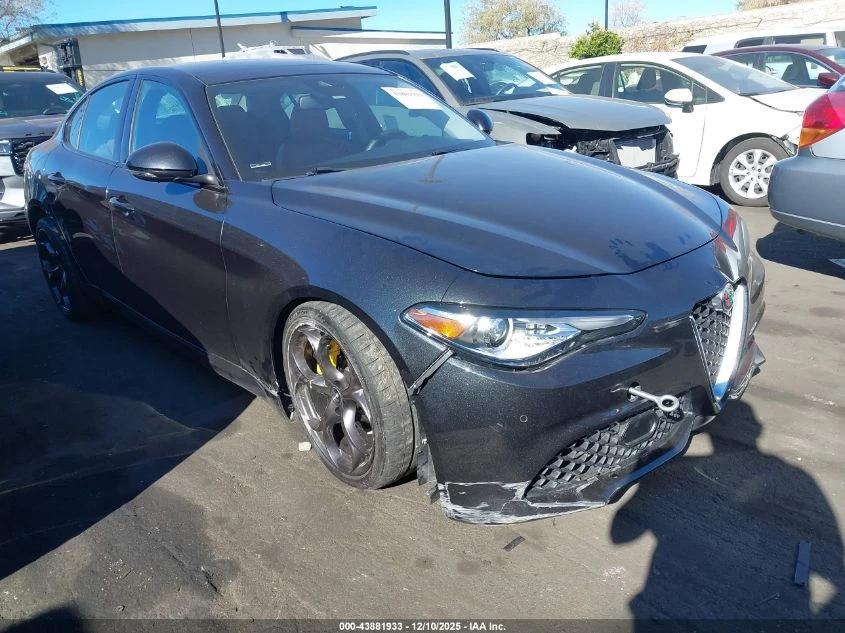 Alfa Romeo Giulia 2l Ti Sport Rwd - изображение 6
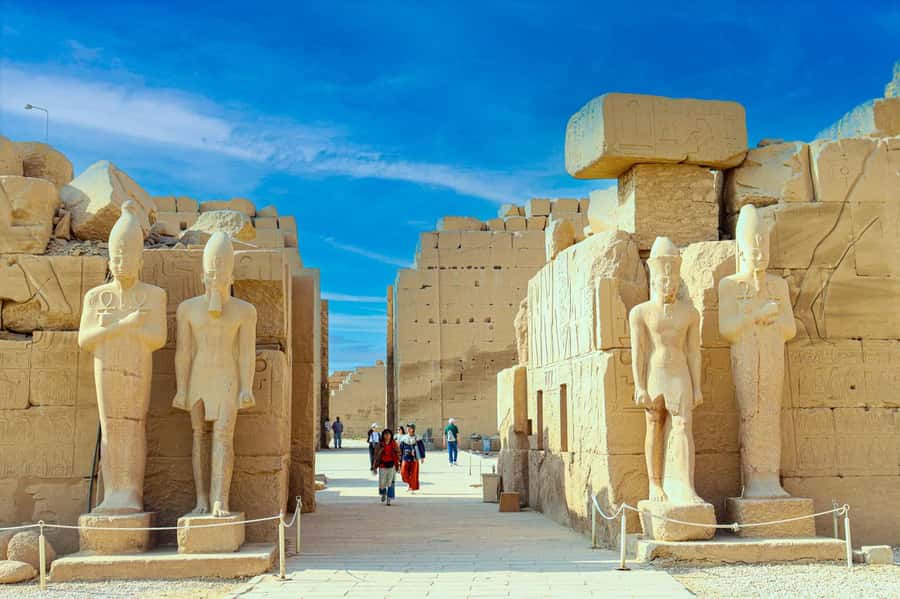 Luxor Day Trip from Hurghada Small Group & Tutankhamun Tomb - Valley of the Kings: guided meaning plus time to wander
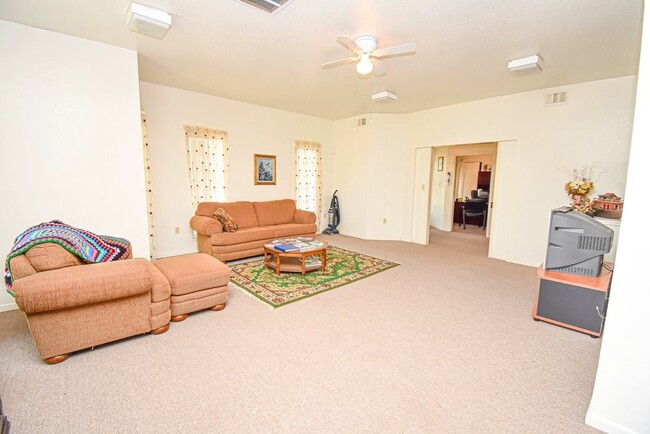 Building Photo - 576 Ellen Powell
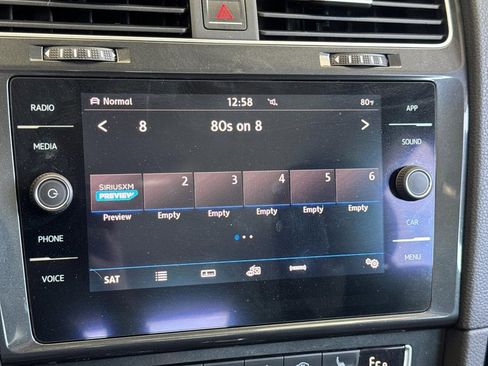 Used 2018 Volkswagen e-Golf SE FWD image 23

* **PROBLEM TO SOLVE**: Starting at the line with "Luxor Day Trip", transcribe the listing above exactly through its last line. No picture belongs in the transcription.

* **ANSWER SECTION**:
 Luxor Day Trip from Hurghada Small Group & Tutankhamun Tomb - Valley of the Kings: guided meaning plus time to wander
 Building Photo - 576 Ellen Powell
 Used 2018 Volkswagen e-Golf SE FWD image 23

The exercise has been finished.